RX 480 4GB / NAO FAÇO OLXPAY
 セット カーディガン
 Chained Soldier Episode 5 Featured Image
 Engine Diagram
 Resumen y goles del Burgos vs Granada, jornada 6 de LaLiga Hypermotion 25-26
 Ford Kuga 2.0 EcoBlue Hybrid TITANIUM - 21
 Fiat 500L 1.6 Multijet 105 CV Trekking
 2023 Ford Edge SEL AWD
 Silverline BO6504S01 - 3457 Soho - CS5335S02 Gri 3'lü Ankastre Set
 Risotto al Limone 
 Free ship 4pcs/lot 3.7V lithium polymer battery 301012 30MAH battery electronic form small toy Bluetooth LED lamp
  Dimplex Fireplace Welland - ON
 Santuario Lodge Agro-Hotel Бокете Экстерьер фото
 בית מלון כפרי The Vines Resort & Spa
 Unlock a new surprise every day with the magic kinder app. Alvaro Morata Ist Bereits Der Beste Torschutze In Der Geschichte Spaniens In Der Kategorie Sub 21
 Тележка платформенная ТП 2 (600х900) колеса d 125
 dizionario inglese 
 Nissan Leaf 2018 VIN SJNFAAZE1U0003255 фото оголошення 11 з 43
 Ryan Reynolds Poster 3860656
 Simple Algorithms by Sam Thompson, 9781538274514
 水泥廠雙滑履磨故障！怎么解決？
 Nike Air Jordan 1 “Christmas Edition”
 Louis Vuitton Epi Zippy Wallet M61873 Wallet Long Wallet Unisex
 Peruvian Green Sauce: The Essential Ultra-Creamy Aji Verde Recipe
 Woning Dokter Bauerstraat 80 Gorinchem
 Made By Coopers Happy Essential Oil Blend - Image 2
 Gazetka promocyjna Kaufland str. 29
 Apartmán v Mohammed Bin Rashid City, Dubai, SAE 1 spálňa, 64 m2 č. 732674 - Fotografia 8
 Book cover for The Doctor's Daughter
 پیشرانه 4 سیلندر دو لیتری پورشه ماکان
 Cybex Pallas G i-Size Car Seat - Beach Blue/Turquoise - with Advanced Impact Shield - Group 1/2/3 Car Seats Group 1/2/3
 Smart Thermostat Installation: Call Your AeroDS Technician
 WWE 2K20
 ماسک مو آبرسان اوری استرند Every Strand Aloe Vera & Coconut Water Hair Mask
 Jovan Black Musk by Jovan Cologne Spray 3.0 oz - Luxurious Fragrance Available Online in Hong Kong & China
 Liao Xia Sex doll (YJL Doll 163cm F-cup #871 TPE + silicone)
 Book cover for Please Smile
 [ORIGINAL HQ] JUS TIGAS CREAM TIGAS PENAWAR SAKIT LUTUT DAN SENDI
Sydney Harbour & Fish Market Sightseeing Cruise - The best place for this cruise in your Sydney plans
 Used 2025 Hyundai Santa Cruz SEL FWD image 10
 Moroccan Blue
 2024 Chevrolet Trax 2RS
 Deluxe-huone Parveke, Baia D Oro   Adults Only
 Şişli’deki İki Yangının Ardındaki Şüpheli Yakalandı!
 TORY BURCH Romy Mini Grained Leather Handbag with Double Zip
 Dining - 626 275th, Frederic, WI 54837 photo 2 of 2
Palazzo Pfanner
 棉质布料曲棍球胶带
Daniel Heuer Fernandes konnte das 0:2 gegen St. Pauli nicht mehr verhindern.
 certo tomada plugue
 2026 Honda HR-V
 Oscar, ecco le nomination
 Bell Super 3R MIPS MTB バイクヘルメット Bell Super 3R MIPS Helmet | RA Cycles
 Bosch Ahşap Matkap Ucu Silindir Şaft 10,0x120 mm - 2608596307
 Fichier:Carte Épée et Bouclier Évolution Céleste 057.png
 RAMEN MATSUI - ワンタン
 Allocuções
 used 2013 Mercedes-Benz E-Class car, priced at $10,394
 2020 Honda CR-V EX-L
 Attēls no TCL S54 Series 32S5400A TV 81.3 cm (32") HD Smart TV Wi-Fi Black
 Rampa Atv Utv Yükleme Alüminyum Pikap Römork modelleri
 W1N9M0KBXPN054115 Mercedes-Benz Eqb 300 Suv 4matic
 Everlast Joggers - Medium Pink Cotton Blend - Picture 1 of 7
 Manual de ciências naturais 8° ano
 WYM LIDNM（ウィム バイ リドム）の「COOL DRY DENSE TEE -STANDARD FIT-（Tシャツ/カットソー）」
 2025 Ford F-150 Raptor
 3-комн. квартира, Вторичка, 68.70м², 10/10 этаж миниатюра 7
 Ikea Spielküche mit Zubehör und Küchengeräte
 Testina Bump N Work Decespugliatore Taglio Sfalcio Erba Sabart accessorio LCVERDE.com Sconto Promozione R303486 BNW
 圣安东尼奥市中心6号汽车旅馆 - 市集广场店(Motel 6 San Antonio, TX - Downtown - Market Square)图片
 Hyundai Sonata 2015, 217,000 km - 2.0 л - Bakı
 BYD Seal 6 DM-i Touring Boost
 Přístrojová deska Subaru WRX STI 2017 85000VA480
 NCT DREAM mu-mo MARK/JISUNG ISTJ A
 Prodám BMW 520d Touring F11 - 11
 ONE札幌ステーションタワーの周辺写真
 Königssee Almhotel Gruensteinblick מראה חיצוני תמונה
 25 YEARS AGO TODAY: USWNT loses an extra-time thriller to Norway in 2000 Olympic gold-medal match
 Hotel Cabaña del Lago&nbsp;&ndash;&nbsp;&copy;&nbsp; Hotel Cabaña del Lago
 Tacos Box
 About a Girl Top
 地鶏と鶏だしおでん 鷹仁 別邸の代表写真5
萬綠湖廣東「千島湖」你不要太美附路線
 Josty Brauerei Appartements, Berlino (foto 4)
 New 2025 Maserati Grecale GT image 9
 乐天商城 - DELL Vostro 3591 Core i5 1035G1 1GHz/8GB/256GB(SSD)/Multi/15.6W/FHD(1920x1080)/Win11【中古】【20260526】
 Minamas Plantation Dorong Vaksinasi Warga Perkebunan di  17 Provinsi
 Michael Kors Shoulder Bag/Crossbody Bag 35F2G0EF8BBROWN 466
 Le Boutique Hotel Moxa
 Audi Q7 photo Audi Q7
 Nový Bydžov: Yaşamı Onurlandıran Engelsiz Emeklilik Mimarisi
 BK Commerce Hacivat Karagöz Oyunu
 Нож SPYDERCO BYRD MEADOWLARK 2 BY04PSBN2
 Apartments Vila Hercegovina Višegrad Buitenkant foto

______________________________

**Requirement:** Wherever the word "Smart" turns up in a line of the entries above, copy that line.

**Answer section:**
 Smart Thermostat Installation: Call Your AeroDS Technician
 Attēls no TCL S54 Series 32S5400A TV 81.3 cm (32") HD Smart TV Wi-Fi Black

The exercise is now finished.